## MATERIALS PROVIDED:
BEGIN

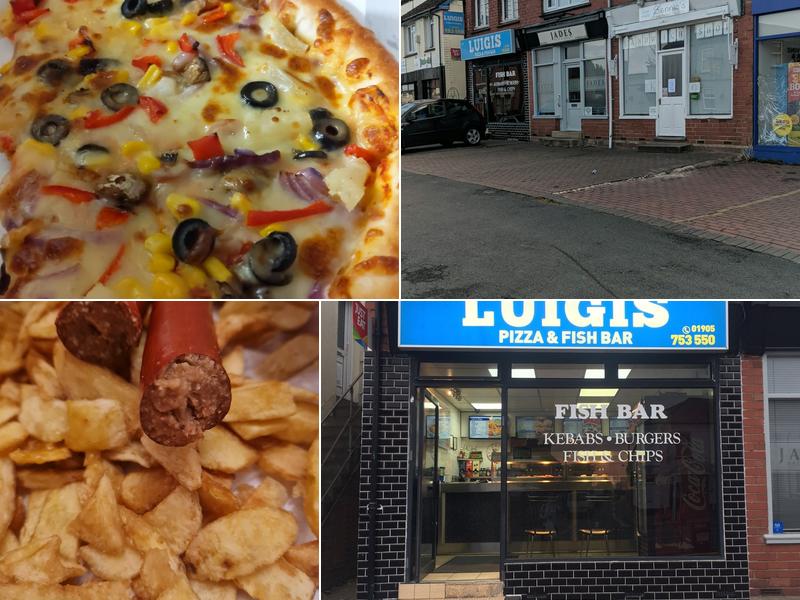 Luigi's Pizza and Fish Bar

END
BEGIN

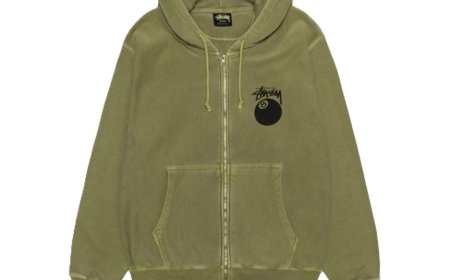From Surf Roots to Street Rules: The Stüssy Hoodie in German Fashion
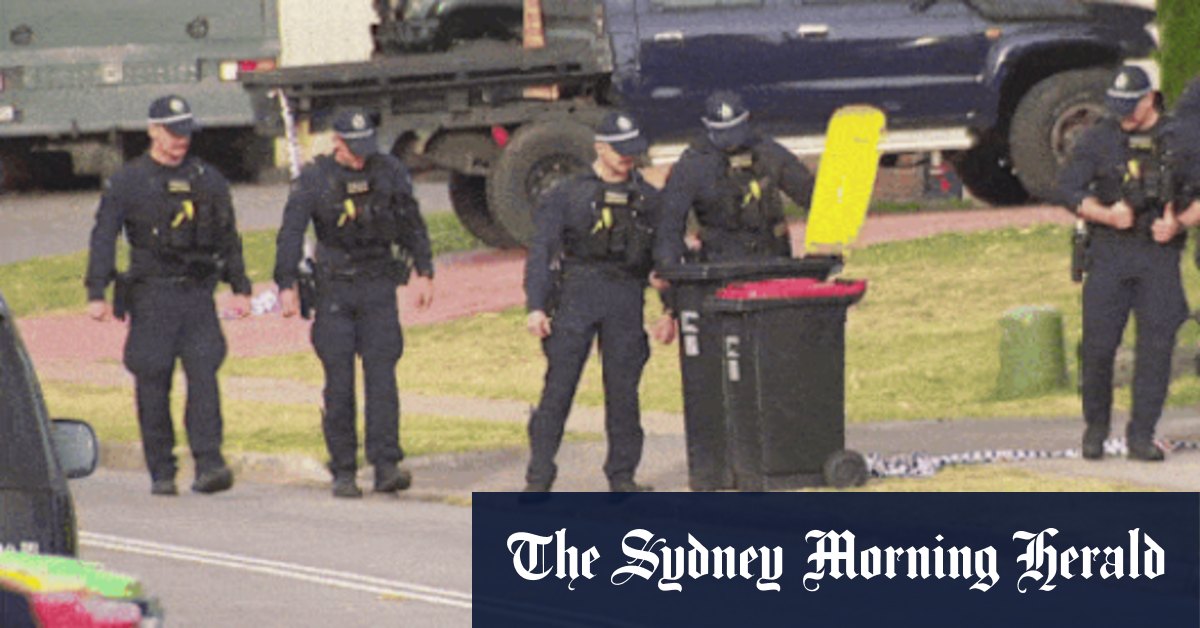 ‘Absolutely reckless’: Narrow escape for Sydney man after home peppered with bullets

END

## WORK TO BE COMPLETED:
Reproduce exactly the lines above that run from the one with "From Surf Roots" to the one with "peppered with bullets", both included, leaving pictures out.

## TASK RESULT:
From Surf Roots to Street Rules: The Stüssy Hoodie in German Fashion
 ‘Absolutely reckless’: Narrow escape for Sydney man after home peppered with bullets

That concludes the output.